Status
Please keep the discussion on the mailing list rather than commenting on the wiki (wiki discussions get unwieldy fast).
Background and Motivation
A brief introduction to Apache Pinot and the ecosystem
Apache Pinot is a real-time distributed OLAP datastore, built to deliver scalable real time analytics with low latency. As Figure 1 shows, Pinot has an inbuilt lambda architecture as the following components:
Figure 1. A typical Pinot ecosystem architecture
- Services/Applications produce the source events to the message queue (e.g. Kafka). The message queue typically buffers the messages for some retention period (e.g. a few days).
- The messages are ingested into the Data Lake (e.g. Hadoop) for historical data persistence.

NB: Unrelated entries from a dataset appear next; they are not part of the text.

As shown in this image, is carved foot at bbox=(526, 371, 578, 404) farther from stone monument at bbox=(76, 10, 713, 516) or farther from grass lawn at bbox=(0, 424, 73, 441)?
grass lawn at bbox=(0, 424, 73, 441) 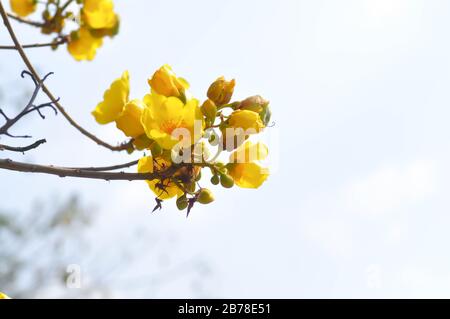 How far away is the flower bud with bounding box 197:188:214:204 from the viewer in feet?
6.51

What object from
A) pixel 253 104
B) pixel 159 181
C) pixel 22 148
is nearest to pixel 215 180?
pixel 159 181

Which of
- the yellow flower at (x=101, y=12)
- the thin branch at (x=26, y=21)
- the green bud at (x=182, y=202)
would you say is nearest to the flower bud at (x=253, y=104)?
the green bud at (x=182, y=202)

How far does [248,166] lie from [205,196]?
21cm

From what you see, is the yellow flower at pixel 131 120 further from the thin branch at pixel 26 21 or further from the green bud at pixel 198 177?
the thin branch at pixel 26 21

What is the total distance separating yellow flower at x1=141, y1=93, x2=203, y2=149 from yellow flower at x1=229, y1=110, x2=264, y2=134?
11 centimetres

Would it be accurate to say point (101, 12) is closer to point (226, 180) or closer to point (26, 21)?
point (26, 21)

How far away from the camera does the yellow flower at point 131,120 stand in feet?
6.48

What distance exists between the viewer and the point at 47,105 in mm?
2033

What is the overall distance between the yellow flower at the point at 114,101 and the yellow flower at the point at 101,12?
231mm

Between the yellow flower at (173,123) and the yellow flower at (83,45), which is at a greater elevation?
the yellow flower at (83,45)

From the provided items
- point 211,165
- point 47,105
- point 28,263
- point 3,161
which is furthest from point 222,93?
point 28,263

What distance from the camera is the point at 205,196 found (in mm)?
1983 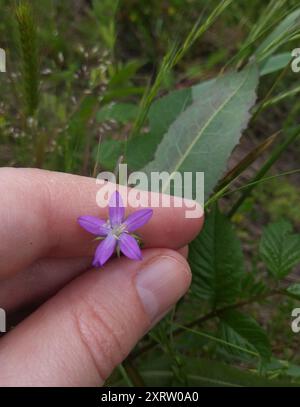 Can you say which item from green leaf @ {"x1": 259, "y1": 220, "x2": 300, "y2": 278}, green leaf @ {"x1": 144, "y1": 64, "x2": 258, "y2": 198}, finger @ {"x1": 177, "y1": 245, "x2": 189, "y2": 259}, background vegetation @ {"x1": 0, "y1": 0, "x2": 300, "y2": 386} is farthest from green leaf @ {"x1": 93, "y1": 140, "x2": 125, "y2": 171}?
green leaf @ {"x1": 259, "y1": 220, "x2": 300, "y2": 278}

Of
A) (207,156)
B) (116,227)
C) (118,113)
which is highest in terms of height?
(118,113)

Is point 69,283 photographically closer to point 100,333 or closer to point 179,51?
point 100,333

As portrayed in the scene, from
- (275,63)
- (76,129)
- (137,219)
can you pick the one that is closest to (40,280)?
(137,219)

- A streaming pipeline (e.g. Flink) transforms and processes the messages into another Kafka topic, which is used for ingestion by Pinot into a real-time table.

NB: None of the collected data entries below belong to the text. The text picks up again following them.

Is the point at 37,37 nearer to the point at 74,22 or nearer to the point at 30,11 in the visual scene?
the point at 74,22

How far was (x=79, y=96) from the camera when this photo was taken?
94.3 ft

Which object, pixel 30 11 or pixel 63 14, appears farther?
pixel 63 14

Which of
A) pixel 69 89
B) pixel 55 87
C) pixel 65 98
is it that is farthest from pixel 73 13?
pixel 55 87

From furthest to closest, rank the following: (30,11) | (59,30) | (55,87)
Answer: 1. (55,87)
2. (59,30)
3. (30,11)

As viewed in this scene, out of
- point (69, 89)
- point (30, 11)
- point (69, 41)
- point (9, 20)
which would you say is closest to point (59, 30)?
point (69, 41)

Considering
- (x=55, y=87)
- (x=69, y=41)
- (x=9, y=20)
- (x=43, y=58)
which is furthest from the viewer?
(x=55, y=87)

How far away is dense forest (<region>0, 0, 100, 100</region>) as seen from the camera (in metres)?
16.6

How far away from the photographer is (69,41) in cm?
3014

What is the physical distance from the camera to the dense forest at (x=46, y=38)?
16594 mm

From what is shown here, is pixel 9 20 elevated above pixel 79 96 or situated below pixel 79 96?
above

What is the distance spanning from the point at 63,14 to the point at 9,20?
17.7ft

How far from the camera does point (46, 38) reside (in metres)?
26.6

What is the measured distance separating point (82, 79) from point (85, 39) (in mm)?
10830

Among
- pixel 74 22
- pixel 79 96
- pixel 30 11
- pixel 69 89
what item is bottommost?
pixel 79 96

- A batch pipeline (e.g. Spark) does a similar transformation on the corresponding Hive dataset, creates Pinot segments, and pushes them to Pinot offline table.

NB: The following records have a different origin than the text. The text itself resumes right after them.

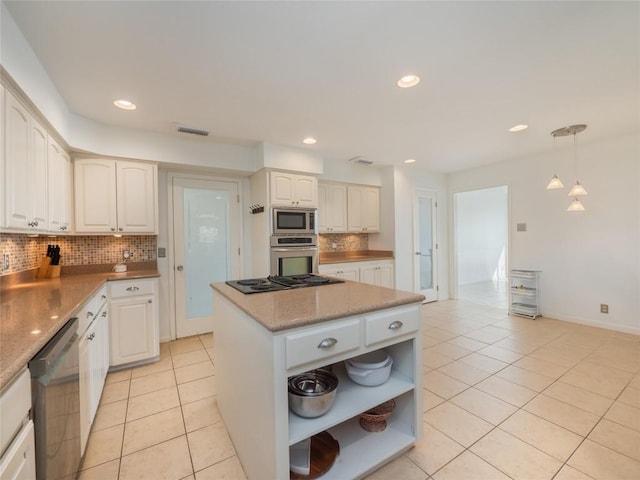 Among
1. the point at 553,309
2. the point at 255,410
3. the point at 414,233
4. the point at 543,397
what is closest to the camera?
the point at 255,410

- Both the real-time table and offline table are used for serving user queries, and Pinot creates a federated view from the real-time and offline results.
The problem
A common problem for this architecture is the duplication of the transformation logic in the streaming and batch ingestion pipelines. Because the batch data source (e.g. Hive datasets) are ingested from the Kafka topic, they typically share the same schema. Similarly, the real-time table and offline table in Pinot are different parts of the same table, and therefore share the same schema. That means users need to describe the same logic twice in Flink and Spark ETL jobs, making the jobs hard to maintain and sync. Ideally, we want to consolidate the streaming/batch ingestion logic, and use Flink for both pipelines.
Proposal
We propose a Flink Sink to Pinot on top of the TableSink interfaces (FLIP-95) for storing batch processing results in Pinot and also integrate the sink with the Unified Sink API (FLIP-143). The streaming sink is less useful to Pinot, because Pinot does not provide a record write API. Instead, Pinot ingests from the streams and buffers on the server, so that it can directly serve the latest events.
Design
The record writes in the Flink work in the following way, as shown in Figure 2:
Figure 2. Pinot Sink workflow
- PinotSink contains a SegmentWriter, which can receive the records to write. The Sink converts the Flink data type to Pinot data type to feed the writer.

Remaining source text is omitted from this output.